Data extract >>
━━━━━━━━

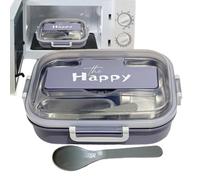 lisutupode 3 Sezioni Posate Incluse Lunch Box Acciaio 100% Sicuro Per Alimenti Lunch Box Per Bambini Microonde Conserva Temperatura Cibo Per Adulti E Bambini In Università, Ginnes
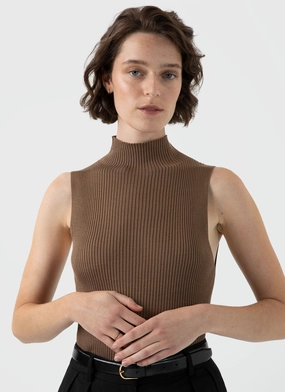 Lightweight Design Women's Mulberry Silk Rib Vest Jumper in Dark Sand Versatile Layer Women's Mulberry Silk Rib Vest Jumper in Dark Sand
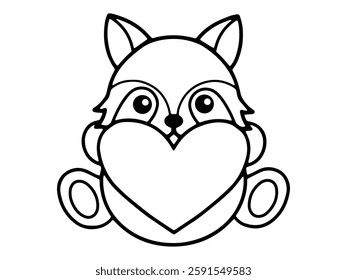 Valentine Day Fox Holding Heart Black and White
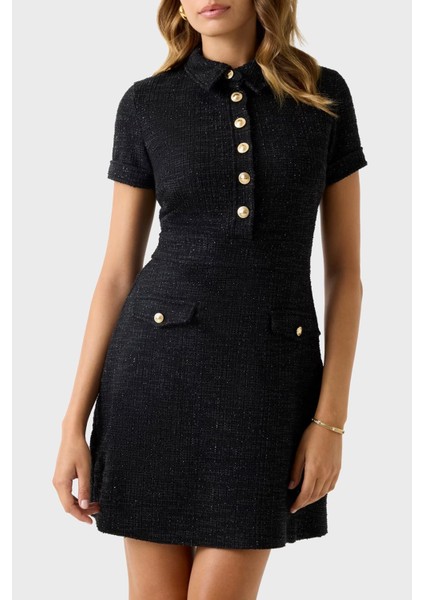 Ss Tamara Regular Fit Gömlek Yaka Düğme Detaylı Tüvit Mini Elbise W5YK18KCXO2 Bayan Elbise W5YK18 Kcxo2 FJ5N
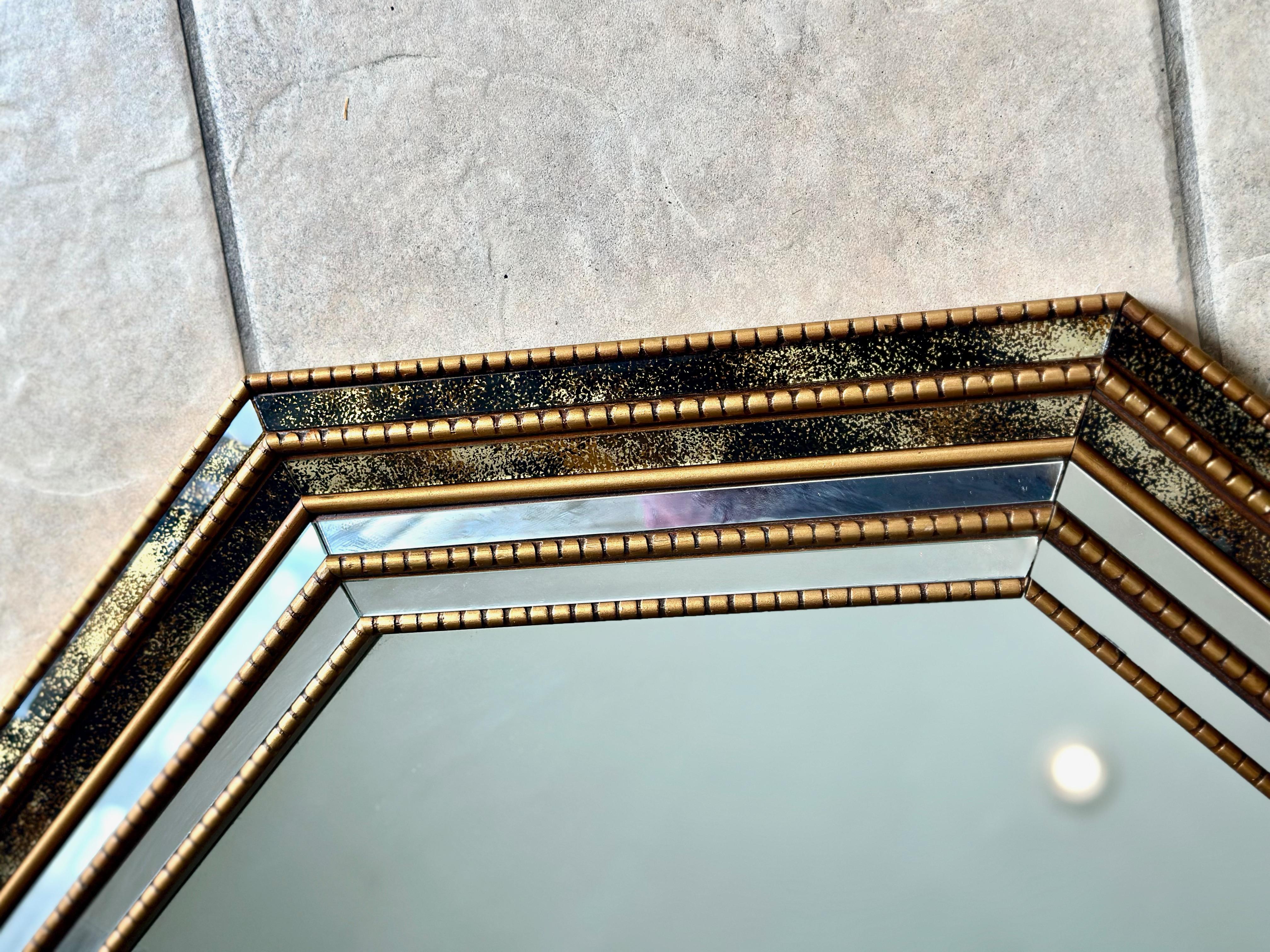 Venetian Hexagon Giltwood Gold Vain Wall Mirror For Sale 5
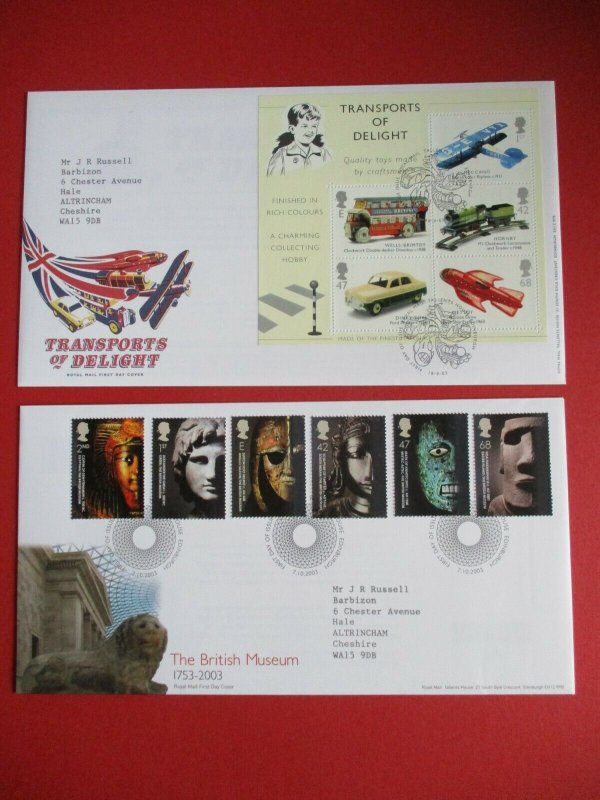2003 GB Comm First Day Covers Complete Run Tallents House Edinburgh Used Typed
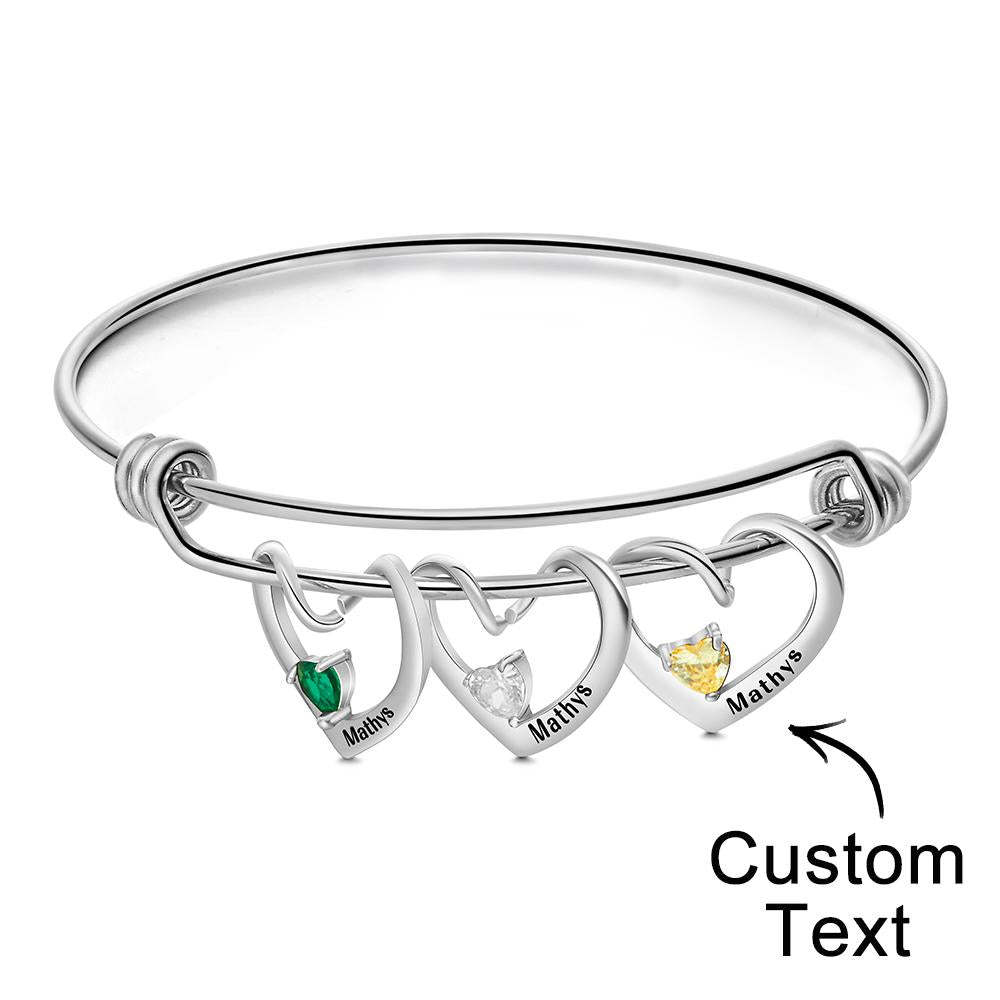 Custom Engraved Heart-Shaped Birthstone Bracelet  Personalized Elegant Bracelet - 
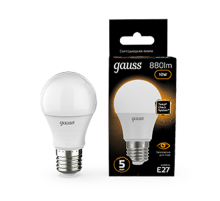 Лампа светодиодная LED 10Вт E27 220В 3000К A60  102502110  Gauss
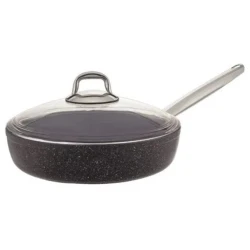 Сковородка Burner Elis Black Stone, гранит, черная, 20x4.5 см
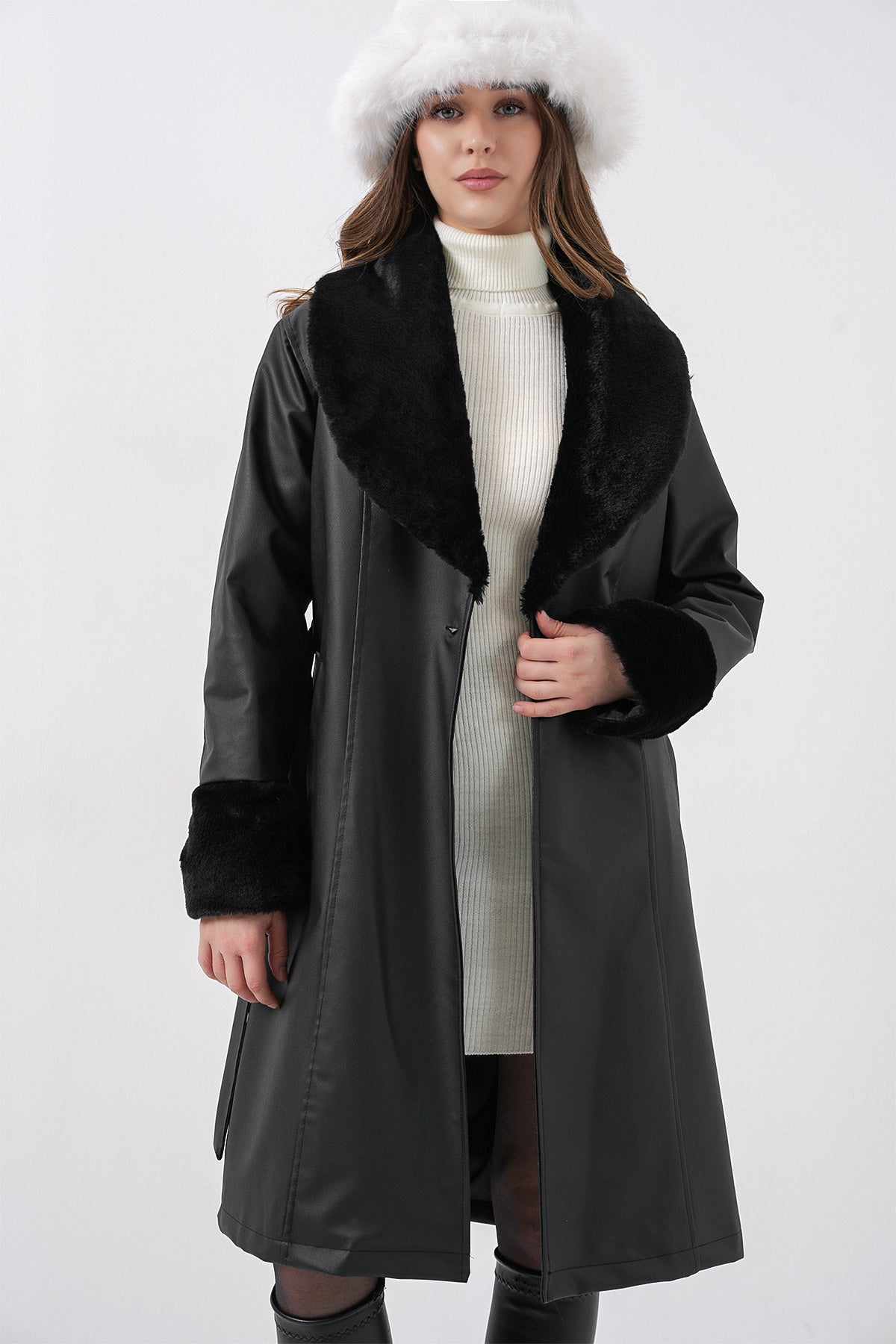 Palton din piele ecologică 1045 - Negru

━━━━━━━━

Problem >> Please, without any pictures, retype the records exactly as they appear.

Task solution >>
 lisutupode 3 Sezioni Posate Incluse Lunch Box Acciaio 100% Sicuro Per Alimenti Lunch Box Per Bambini Microonde Conserva Temperatura Cibo Per Adulti E Bambini In Università, Ginnes
 Lightweight Design Women's Mulberry Silk Rib Vest Jumper in Dark Sand Versatile Layer Women's Mulberry Silk Rib Vest Jumper in Dark Sand
 Valentine Day Fox Holding Heart Black and White
 Ss Tamara Regular Fit Gömlek Yaka Düğme Detaylı Tüvit Mini Elbise W5YK18KCXO2 Bayan Elbise W5YK18 Kcxo2 FJ5N
 Venetian Hexagon Giltwood Gold Vain Wall Mirror For Sale 5
2003 GB Comm First Day Covers Complete Run Tallents House Edinburgh Used Typed
 Custom Engraved Heart-Shaped Birthstone Bracelet  Personalized Elegant Bracelet - 
 Лампа светодиодная LED 10Вт E27 220В 3000К A60  102502110  Gauss
 Сковородка Burner Elis Black Stone, гранит, черная, 20x4.5 см
 Palton din piele ecologică 1045 - Negru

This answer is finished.